··· Exercise materials ···
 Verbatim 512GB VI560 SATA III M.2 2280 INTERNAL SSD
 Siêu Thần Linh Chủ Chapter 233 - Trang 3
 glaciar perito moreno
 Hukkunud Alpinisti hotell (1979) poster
···
··· Exercise materials ···
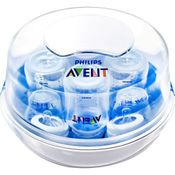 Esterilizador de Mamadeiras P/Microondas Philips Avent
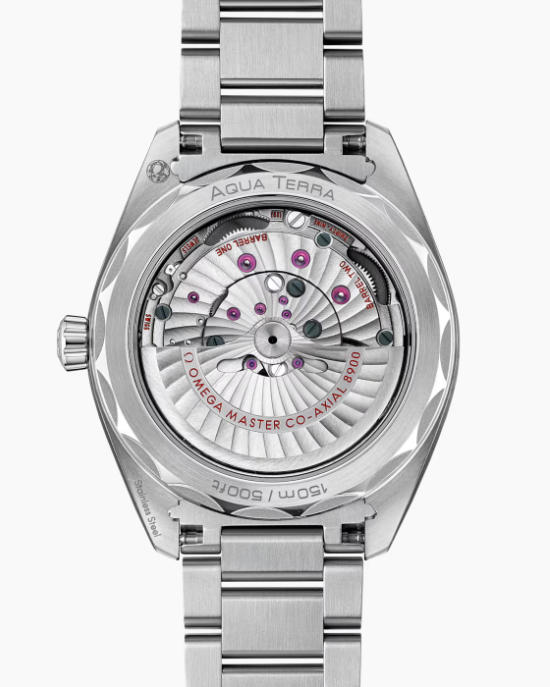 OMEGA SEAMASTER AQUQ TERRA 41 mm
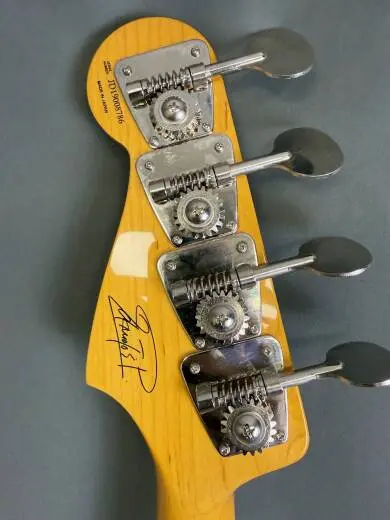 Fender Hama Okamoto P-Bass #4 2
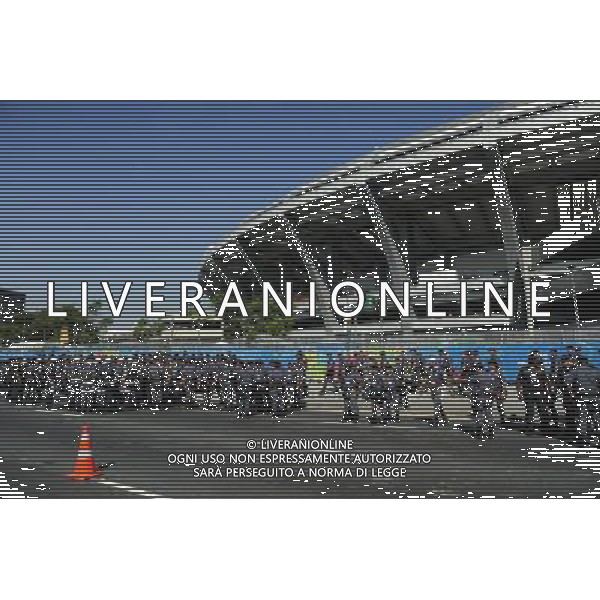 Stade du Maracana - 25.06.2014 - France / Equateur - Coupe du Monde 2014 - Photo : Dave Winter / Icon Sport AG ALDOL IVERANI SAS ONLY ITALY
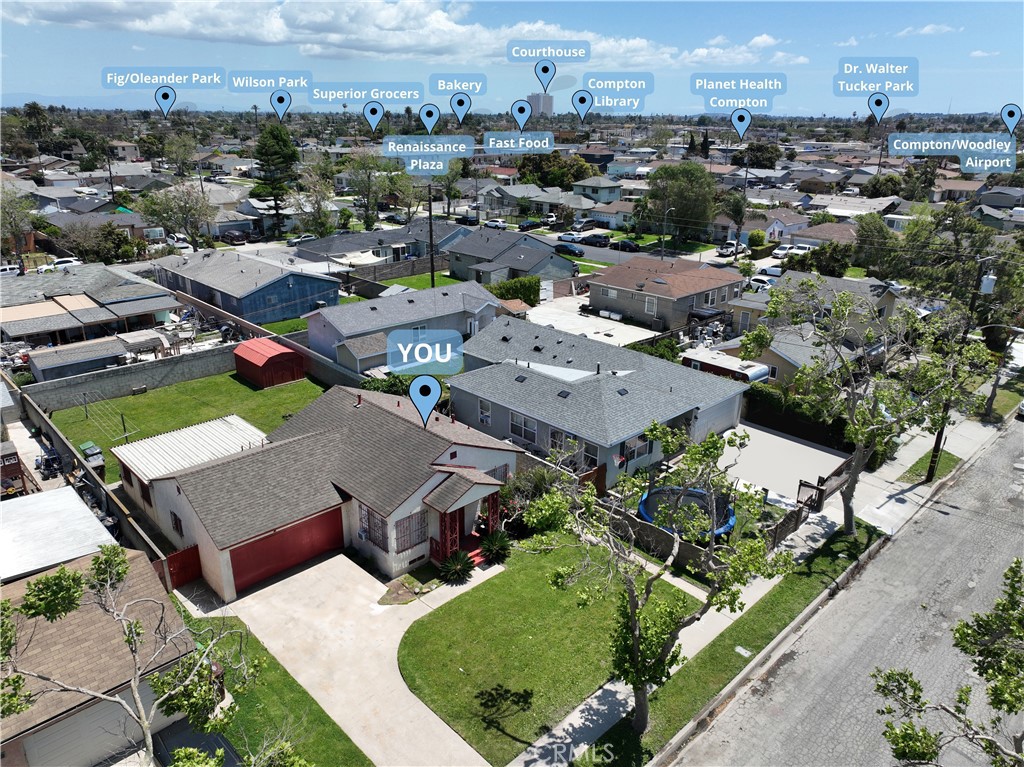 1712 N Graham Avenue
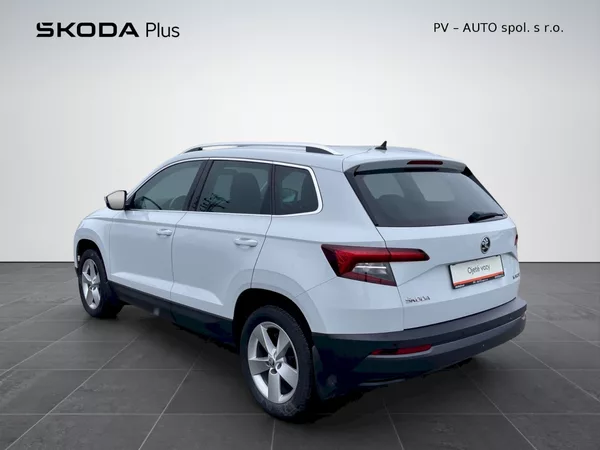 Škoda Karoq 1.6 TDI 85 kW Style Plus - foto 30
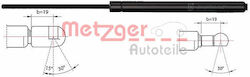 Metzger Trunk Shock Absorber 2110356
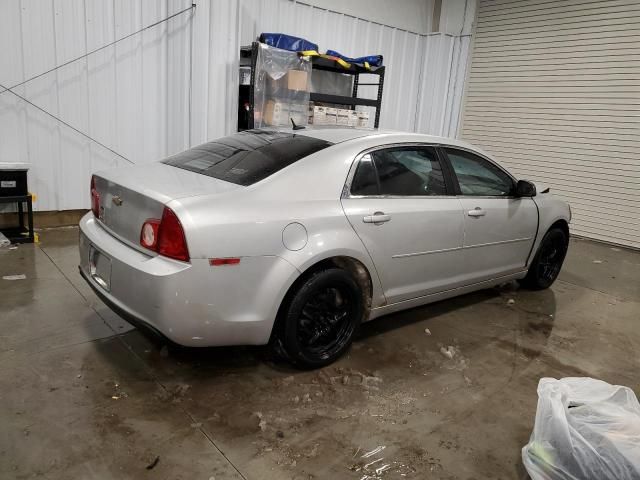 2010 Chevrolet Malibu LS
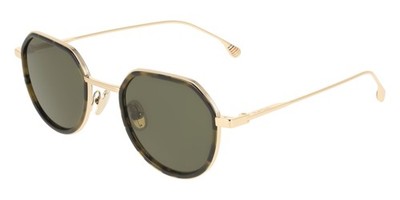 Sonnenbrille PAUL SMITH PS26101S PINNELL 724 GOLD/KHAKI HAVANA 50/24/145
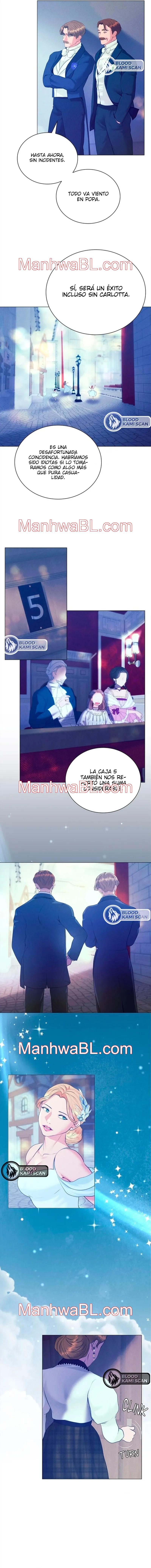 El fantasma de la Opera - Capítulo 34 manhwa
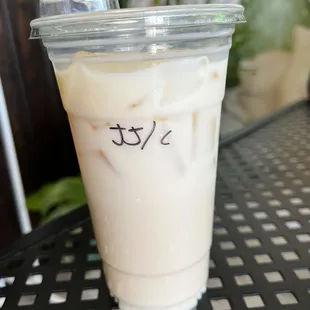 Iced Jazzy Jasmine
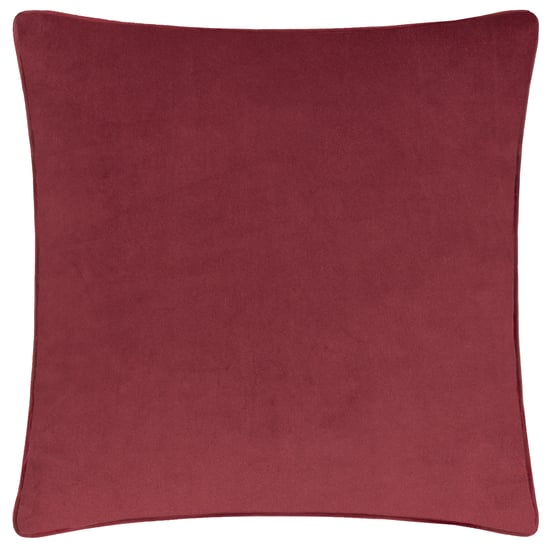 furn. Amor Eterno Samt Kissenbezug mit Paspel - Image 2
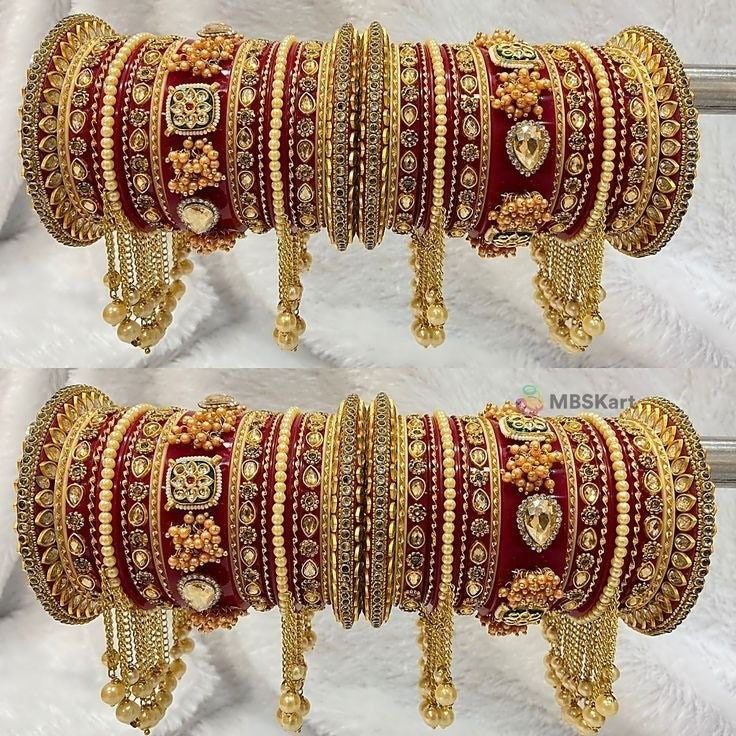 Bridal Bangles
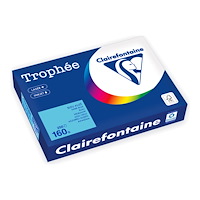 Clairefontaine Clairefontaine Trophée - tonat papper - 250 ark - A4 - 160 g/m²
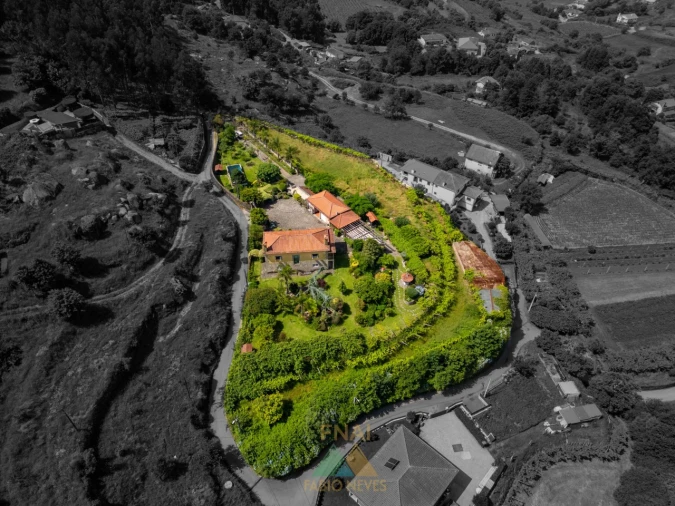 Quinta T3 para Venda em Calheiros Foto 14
···
··· Exercise materials ···
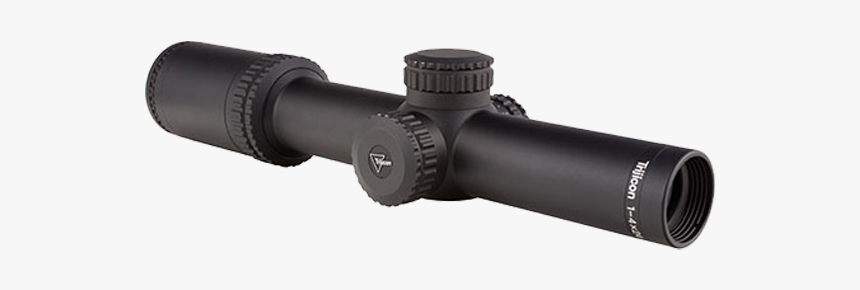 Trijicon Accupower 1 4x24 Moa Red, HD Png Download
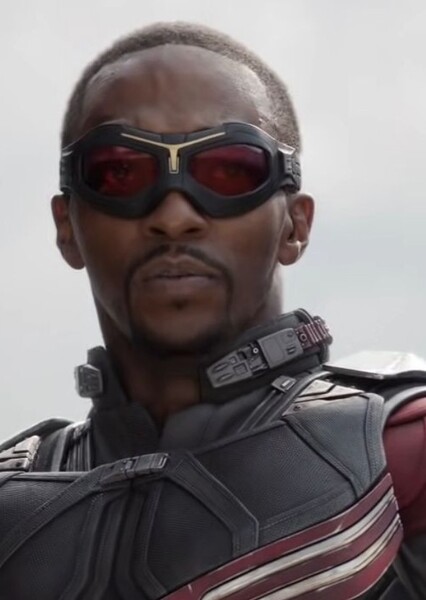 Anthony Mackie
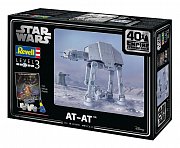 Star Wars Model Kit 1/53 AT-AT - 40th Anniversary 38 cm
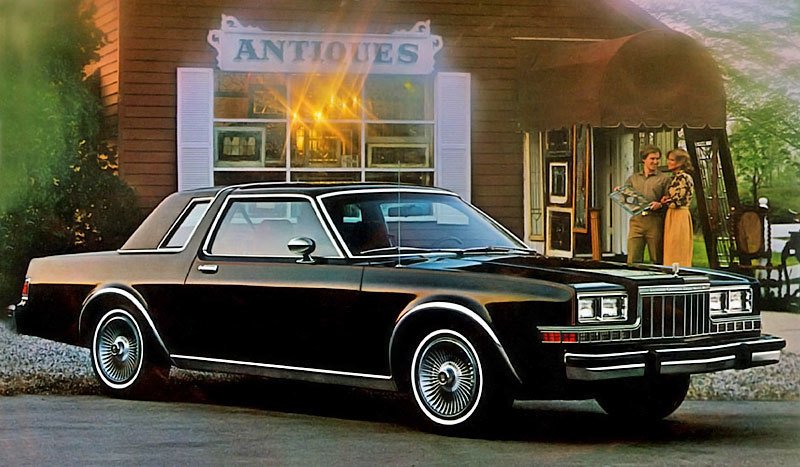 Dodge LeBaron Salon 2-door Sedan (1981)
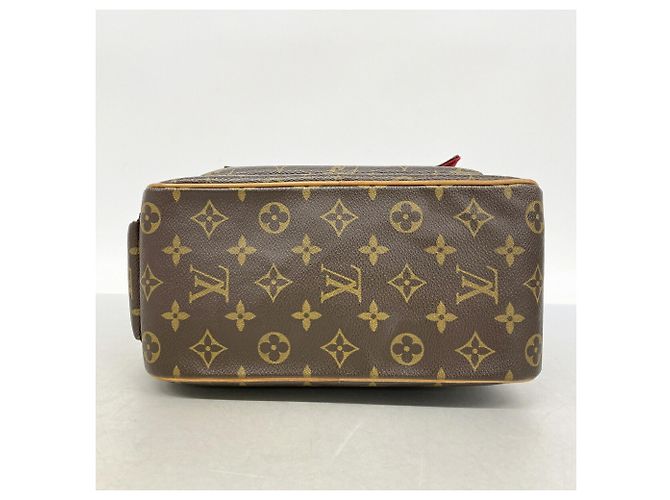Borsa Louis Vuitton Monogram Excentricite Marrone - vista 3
···
Your task is to copy only the lines above starting at the one containing "Clairefontaine Clairefontaine Trophée" and ending at the one containing "Quinta T3 para Venda em Calheiros Foto 14". Copy them exactly, both ends included, and omit the pictures.

• Solved problem:
 Clairefontaine Clairefontaine Trophée - tonat papper - 250 ark - A4 - 160 g/m²
 Quinta T3 para Venda em Calheiros Foto 14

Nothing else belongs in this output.